→ Exercise directions
Return nothing but the lines from the line with "Gel de de feuilles" through the last line of the entries that follow, copied exactly and free of pictures.

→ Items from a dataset
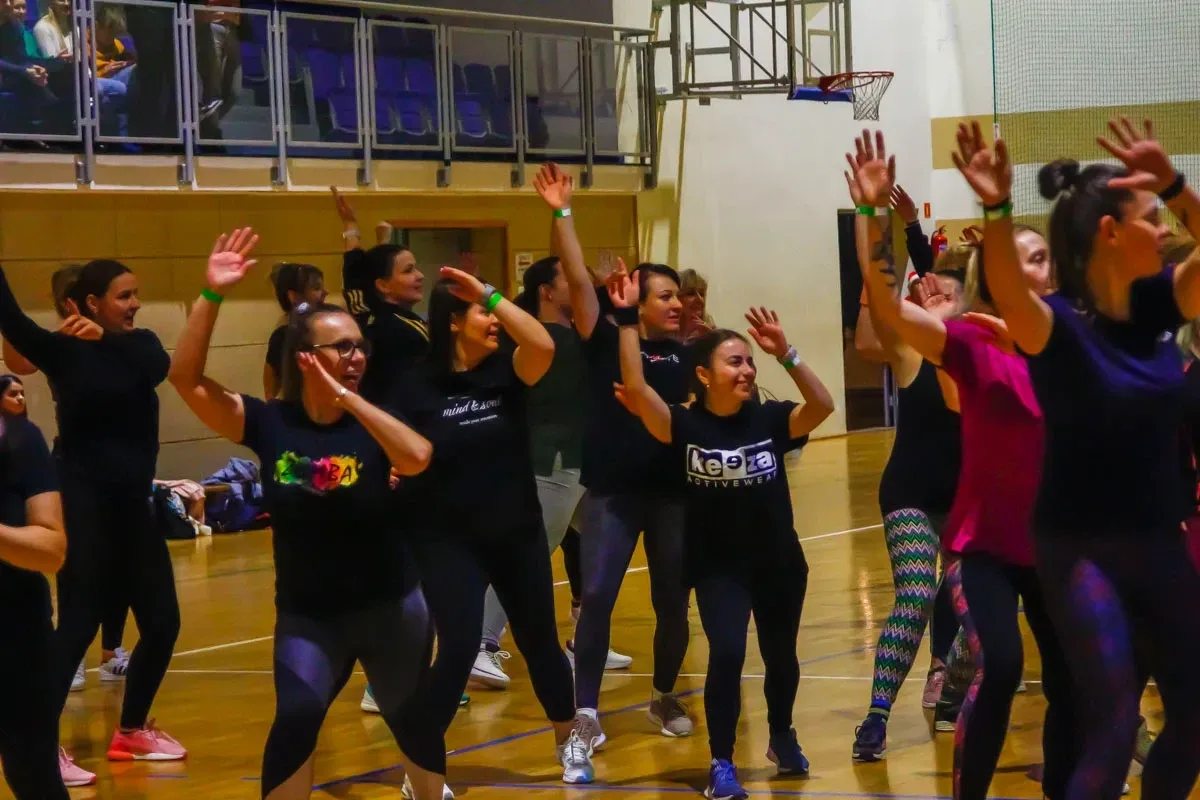 Maraton Zumba Fitness - akcja charytatywna dla Lenki Kacprzyk (zdjęcia)
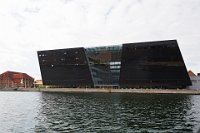 Copenhagen the Black Diamond Royal library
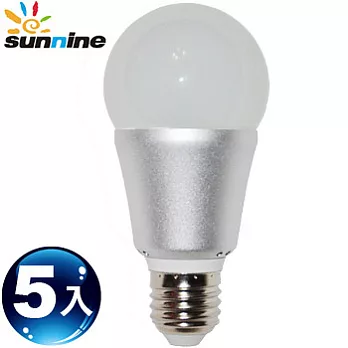 旭創光電 6W 270度高效能LED電火炮 白光5入裝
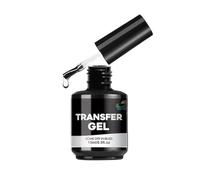Gel de de feuilles pour ongles - 15 ml Adhérence forte pour stickers ongles adhésif | Gel colle pour feuilles de - pour femmes débutantes, beauté et soins personnels, salon à la maison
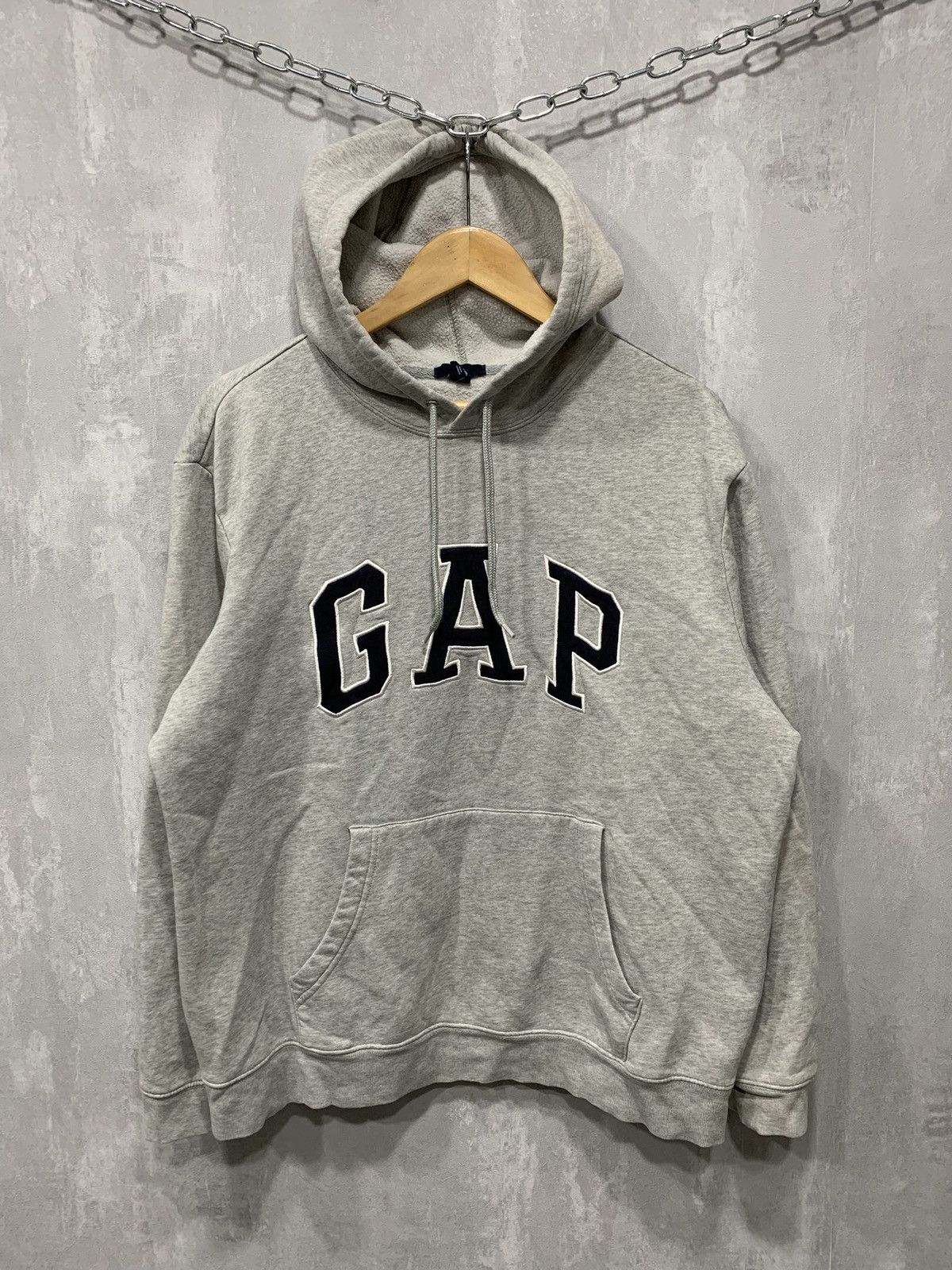 Vintage Gap Baggy Hoodie Big Logo Y2 …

→ Exercise output
Gel de de feuilles pour ongles - 15 ml Adhérence forte pour stickers ongles adhésif | Gel colle pour feuilles de - pour femmes débutantes, beauté et soins personnels, salon à la maison
 Vintage Gap Baggy Hoodie Big Logo Y2 …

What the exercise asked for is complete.